A blonde girl at the beach wearing shorts and the Dawn Singlet sleeveless top. She is wearing sunglasses and a long sleeve shirt over the top, both in an almond color.
Dawn Singlet Top

I started knitting the Dawn Singlet top. This is another pattern by Sandnes Garn. It’s in the same booklet as the April top, which I finally finished some days ago. I love how my April top turned out, even if I’m still recuperating from all the work it took to make it. It was challenging to finish the sleeves and collar in one weekend, mostly because you are just repeating the same thing over and over, but I knew I had to push myself to finish it, or else the project would end up in a bag again with my other UFOs and not be picked up again for another six months or more. To keep myself entertained I watched a bunch of episodes of the Envidiosa (Envious) series on Netflix. I had watched season one already, so it was fun to marathon knit and watch the show at the same time. Now that I think of it, I need to watch the final three episodes. It’s in Spanish and I like that.

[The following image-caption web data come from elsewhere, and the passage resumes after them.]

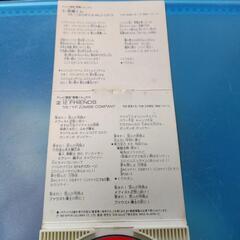 大変希少な悪魔くんシングルCDですがクラック有り　再生不可　ジャンク品　コレクションにどうぞの画像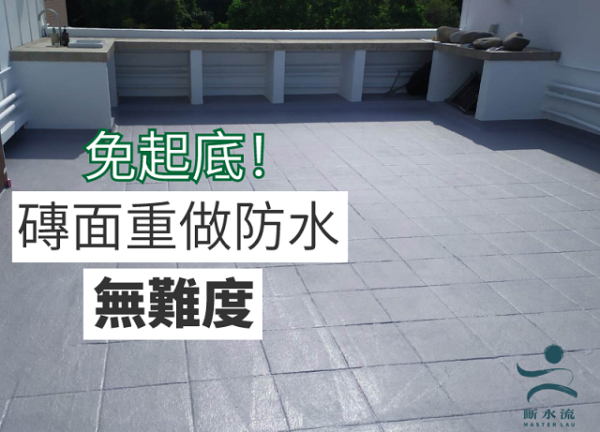 【天台防水】 免起底? 磚面上直接重做防水?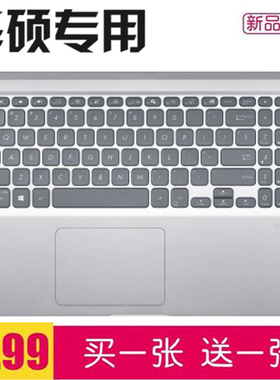X1502Z寸保护套Vivobook15Pro15华硕15.6无畏笔记本V5200E膜键盘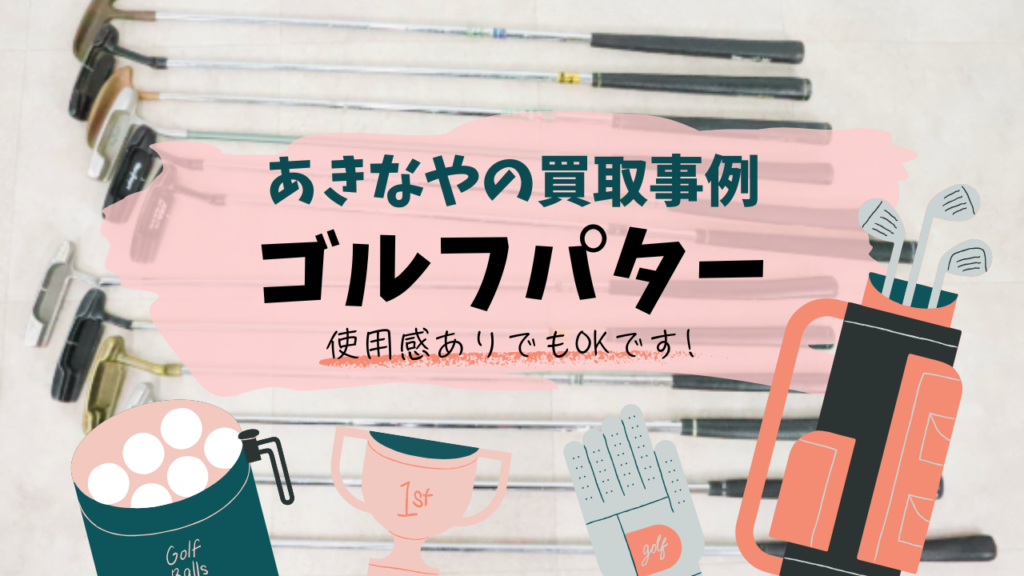 八王子　買取　事例　ゴルフパター　
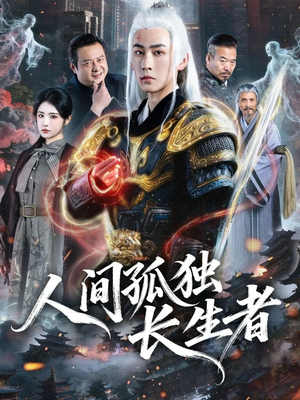 人间孤独长生者（70集）短剧解说热门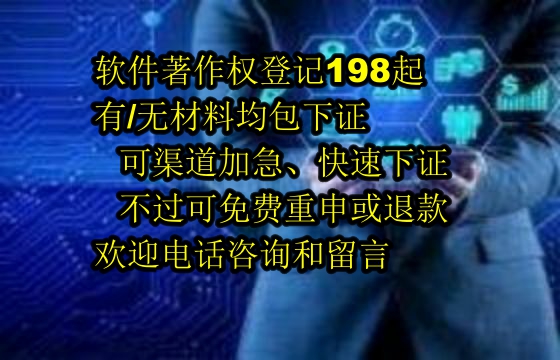 衡阳地区企业申请高企所需软件著作权及申请流程解析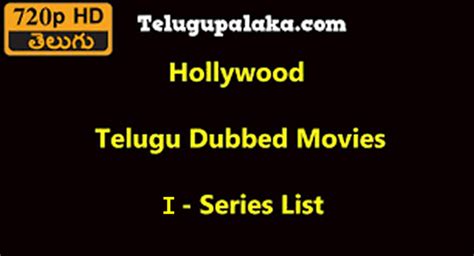 2 Raat akeli hai Bollywood. . Telugupalaka i series movies list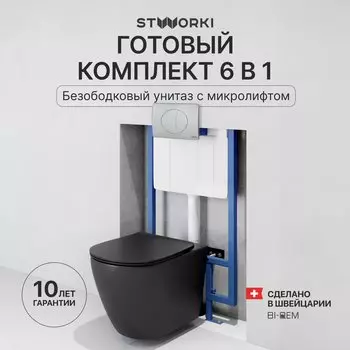 Комплект Унитаз подвесной STWORKI Готланд S13401BK + Инсталляция 510162 + Кнопка 230823 хром матовый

I started the top using a bright red yarn, but I had a sudden change of heart. Luckily, back at the store they let me exchange the four red skeins that were still unopened for the same yarn in a pretty blue. The truth is I liked the red, but I was suddenly worried that it was too warm for my skin tone. (I think I’ve been reading too much about color seasons lately!)

It’s ridiculous, I know, to care about such silly things, but it’s hard not to. Every other social media post that shows up in my feed is someone getting their color analysis done. Also, lately I’ve been feeling as if I’m falling down the stairs, trying desperately to hold on to the railing as my youth’s expiration date has finally arrived. For that, anything that might help me look a little less tired – and expired! — better color choices, perhaps? — I welcome with open arms!

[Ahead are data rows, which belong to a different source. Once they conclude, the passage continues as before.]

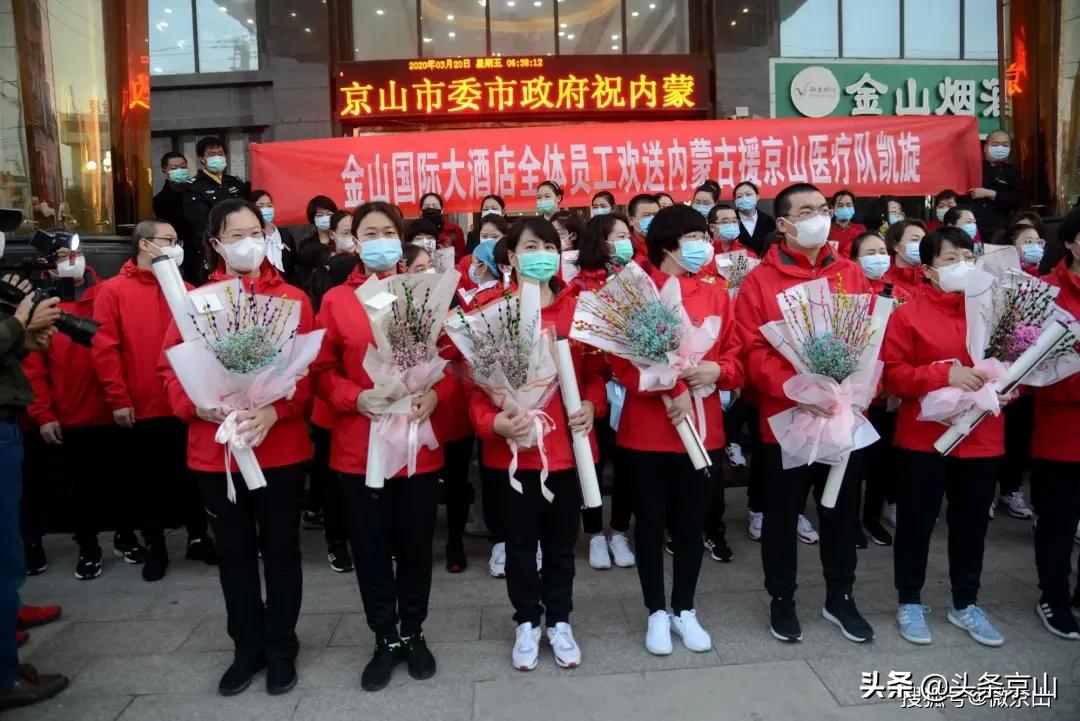 京山摄影爱好者,京山市摄影最牛的人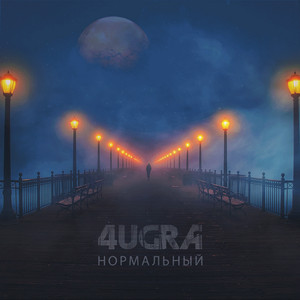 Нормальный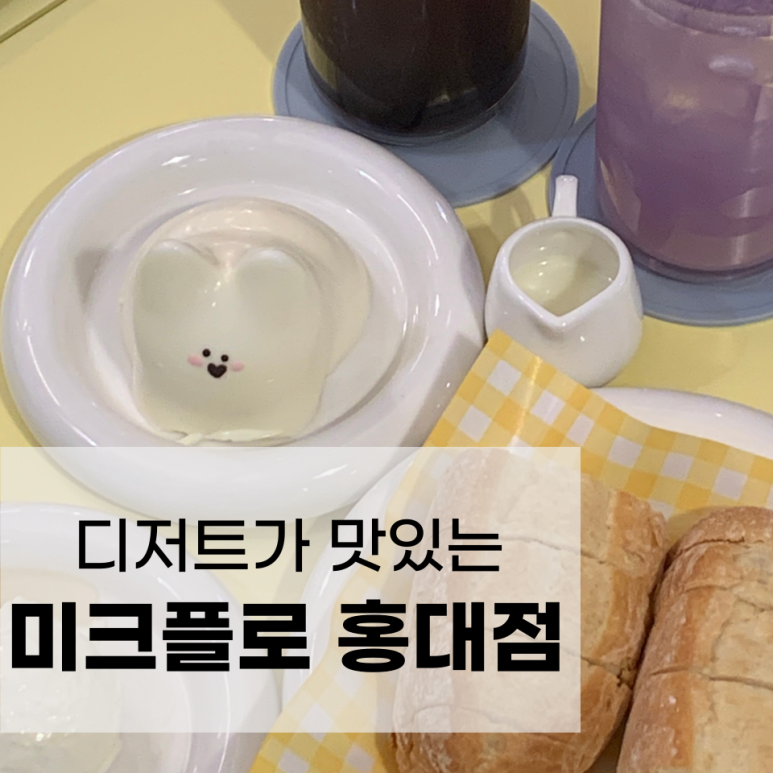 미크플로 홍대점 이미지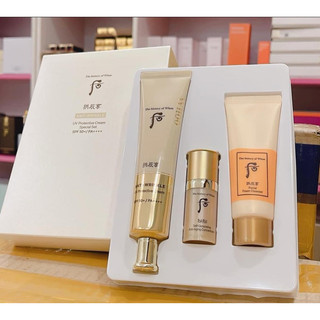 Kem chống nắng, chống nhăn Whoo Anti-Wrinkle Spf50+/pa++++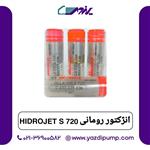 سوزن انژکتور رومانی HIDROJET S 720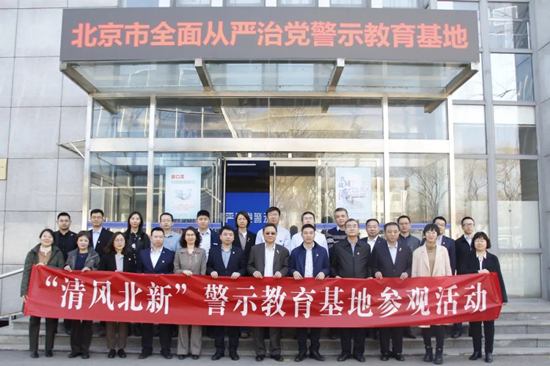 		 北新集团纪委组织公司在京干部走进周全从严治党警示教育基地旅行_企业动态_优德88集团有限公司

I think blue is a pretty safe color. I must say, it was difficult to leave a few other colors like the dusty pink and a light terracotta at the store. It helped that they didn’t have the five skeins I needed in those colors. Five skeins is probably more than I need for a sleeveless top, but I didn’t want to risk running out of yarn, so five skeins of blue it had to be! I also told myself that if I end up loving the yarn, I can always try to find the other colors online. Plus, it will save me from the embarrassment of being super indecisive again at the store asking the attendant which color looked best on me.

skeins of yarn in different colors

In the end, the yarn store visit was quite productive. I got chatting with the manager and I told her I had been thinking about giving a beginner knitting class. She seemed interested. Who knows, it might turn into something.

Marin/SF

Last weekend, in an effort to support our local parks, and more specifically, the Presidio, which has been under attack by the current Administration, the kids and I went out to lunch at Il Parco, a new-ish Italian-inspired restaurant and café.

Il Parco, San Francisco

The day was beautiful, warm, a little cloudy – spring vibes for sure!

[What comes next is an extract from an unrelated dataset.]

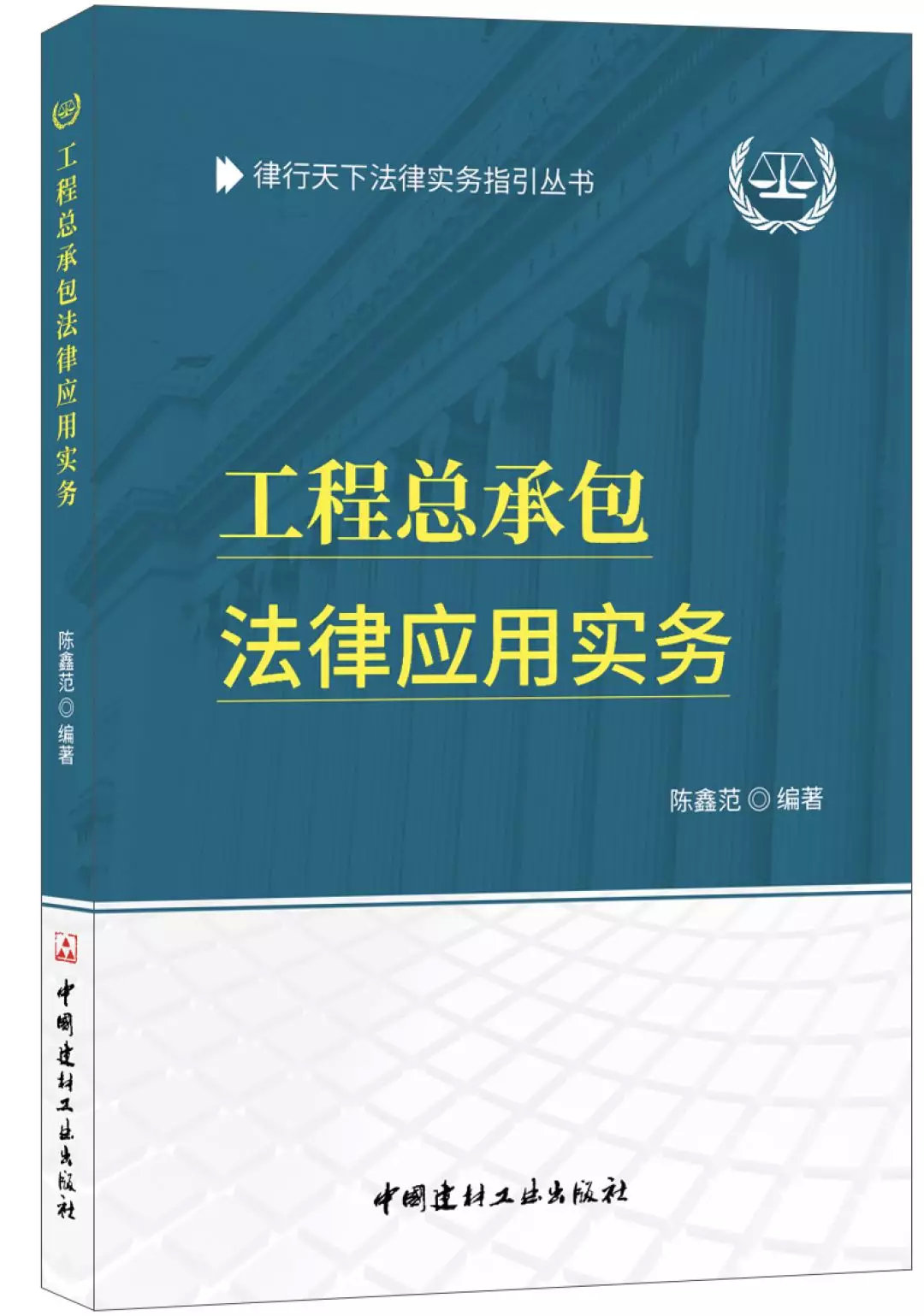 澳门最精准正最精准龙门,精选解释解析落实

It was a late lunch for us, so we were happy the food tasted so good — the pastries looked delicious, but we decided we could come back another day and have coffee instead. They also sold fun gifts and souvenirs which kept us entertained while we waited our turn to pay.

Just outside the restaurant, there’s a picnic area with stunning views. So, if you don’t feel like standing in line, you could bring a picnic and enjoy the view of the ocean and the Golden Gate bridge, underneath some amazing trees.

Food: Martha’s Honey-Apple, Upside-Down Cake

Yesterday I was craving something sweet and wanted a little break from my knitting project. I opened up the fridge and found some apples. We always have apples in the house, especially during the winter months. We eat them as a quick snack with peanut butter, and we use them in smoothies all the time. I wanted an easy dessert that would go well with a little ice cream. I thought of apple crisp, but then I remembered this apple cake I made some years ago. It’s the easiest recipe and you don’t need a beater, only a whisk, which I love.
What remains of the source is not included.